WHAT TO WORK ON =
Any pictures in the records below should be skipped; write out everything else exactly.

MATERIAL FOR THIS EXERCISE =
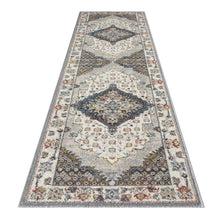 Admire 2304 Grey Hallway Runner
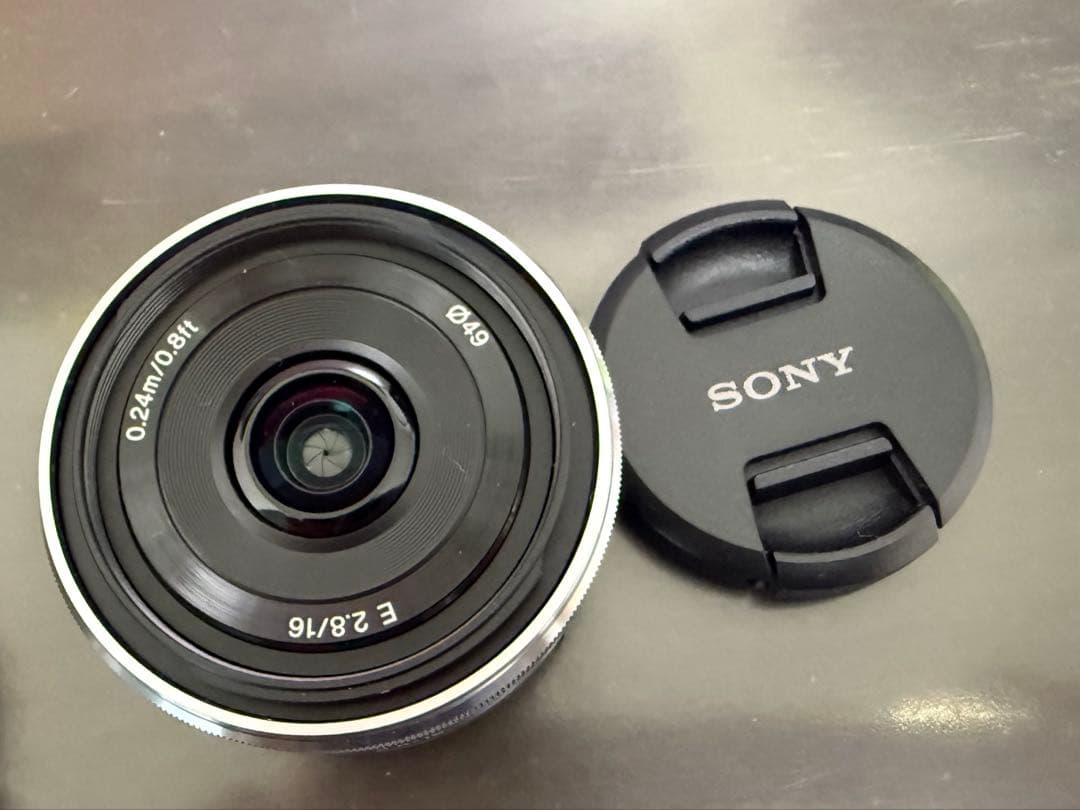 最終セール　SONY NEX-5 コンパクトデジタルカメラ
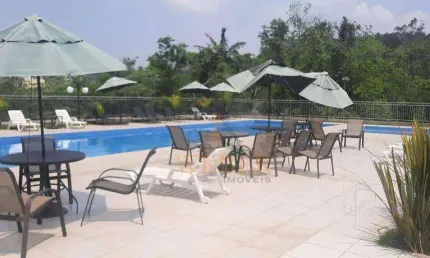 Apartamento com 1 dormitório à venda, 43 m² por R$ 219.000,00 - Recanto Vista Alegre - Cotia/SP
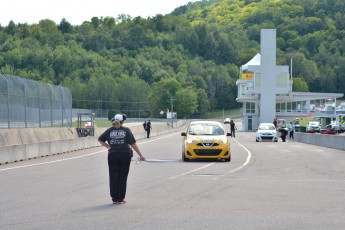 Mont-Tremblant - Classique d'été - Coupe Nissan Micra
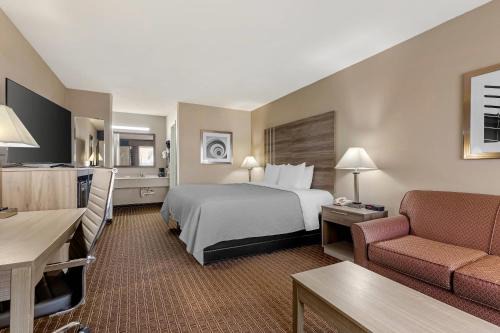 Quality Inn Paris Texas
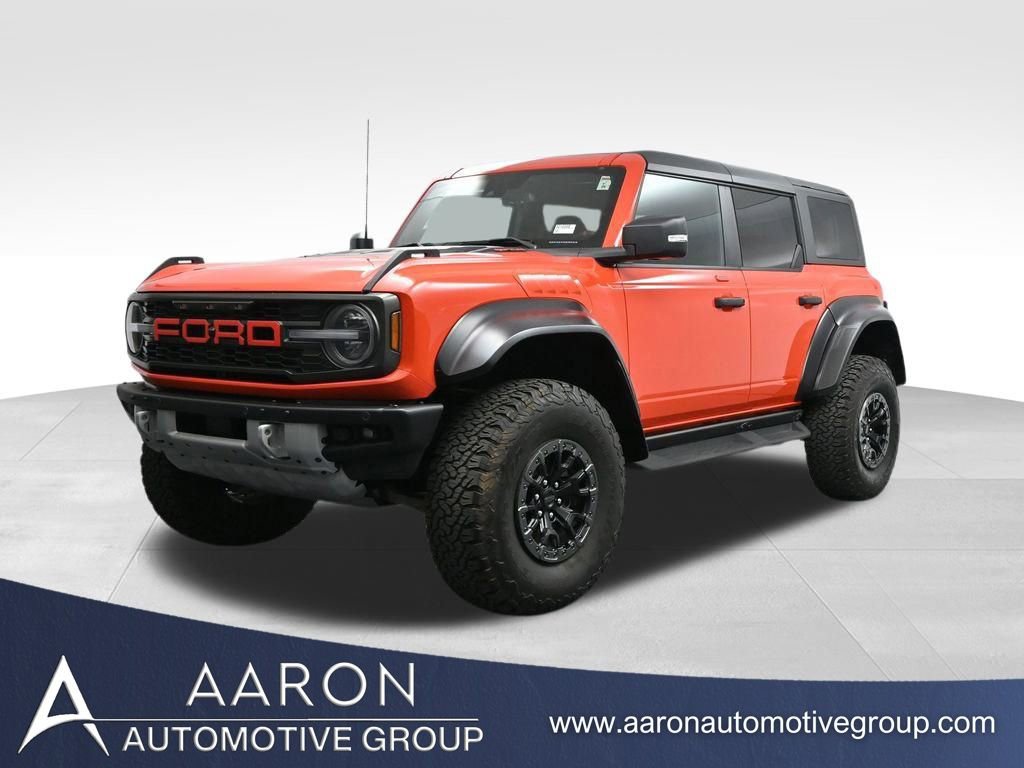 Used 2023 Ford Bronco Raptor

TASK ANSWER =
 Admire 2304 Grey Hallway Runner
 最終セール　SONY NEX-5 コンパクトデジタルカメラ
 Apartamento com 1 dormitório à venda, 43 m² por R$ 219.000,00 - Recanto Vista Alegre - Cotia/SP
 Mont-Tremblant - Classique d'été - Coupe Nissan Micra
 Quality Inn Paris Texas
 Used 2023 Ford Bronco Raptor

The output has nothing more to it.